## BRIEF
Would you please copy out each entry exactly?

ENTRIES SUPPLIED Start Marker

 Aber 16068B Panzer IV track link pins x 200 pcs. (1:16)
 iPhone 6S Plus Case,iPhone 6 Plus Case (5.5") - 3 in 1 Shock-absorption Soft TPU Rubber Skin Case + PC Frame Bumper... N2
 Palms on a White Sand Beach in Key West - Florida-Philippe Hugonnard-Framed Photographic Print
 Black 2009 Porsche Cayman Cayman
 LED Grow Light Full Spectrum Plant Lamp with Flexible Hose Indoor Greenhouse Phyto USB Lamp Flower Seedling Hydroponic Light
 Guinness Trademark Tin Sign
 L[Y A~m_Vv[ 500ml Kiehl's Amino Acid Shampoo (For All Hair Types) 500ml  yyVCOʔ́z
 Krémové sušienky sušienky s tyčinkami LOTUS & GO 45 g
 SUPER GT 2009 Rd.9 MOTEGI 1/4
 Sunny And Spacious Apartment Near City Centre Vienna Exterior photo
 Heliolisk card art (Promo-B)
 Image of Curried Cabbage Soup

ENTRIES SUPPLIED End Marker

## RESPONSE TO THE TASK
 Aber 16068B Panzer IV track link pins x 200 pcs. (1:16)
 iPhone 6S Plus Case,iPhone 6 Plus Case (5.5") - 3 in 1 Shock-absorption Soft TPU Rubber Skin Case + PC Frame Bumper... N2
 Palms on a White Sand Beach in Key West - Florida-Philippe Hugonnard-Framed Photographic Print
 Black 2009 Porsche Cayman Cayman
 LED Grow Light Full Spectrum Plant Lamp with Flexible Hose Indoor Greenhouse Phyto USB Lamp Flower Seedling Hydroponic Light
 Guinness Trademark Tin Sign
 L[Y A~m_Vv[ 500ml Kiehl's Amino Acid Shampoo (For All Hair Types) 500ml  yyVCOʔ́z
 Krémové sušienky sušienky s tyčinkami LOTUS & GO 45 g
 SUPER GT 2009 Rd.9 MOTEGI 1/4
 Sunny And Spacious Apartment Near City Centre Vienna Exterior photo
 Heliolisk card art (Promo-B)
 Image of Curried Cabbage Soup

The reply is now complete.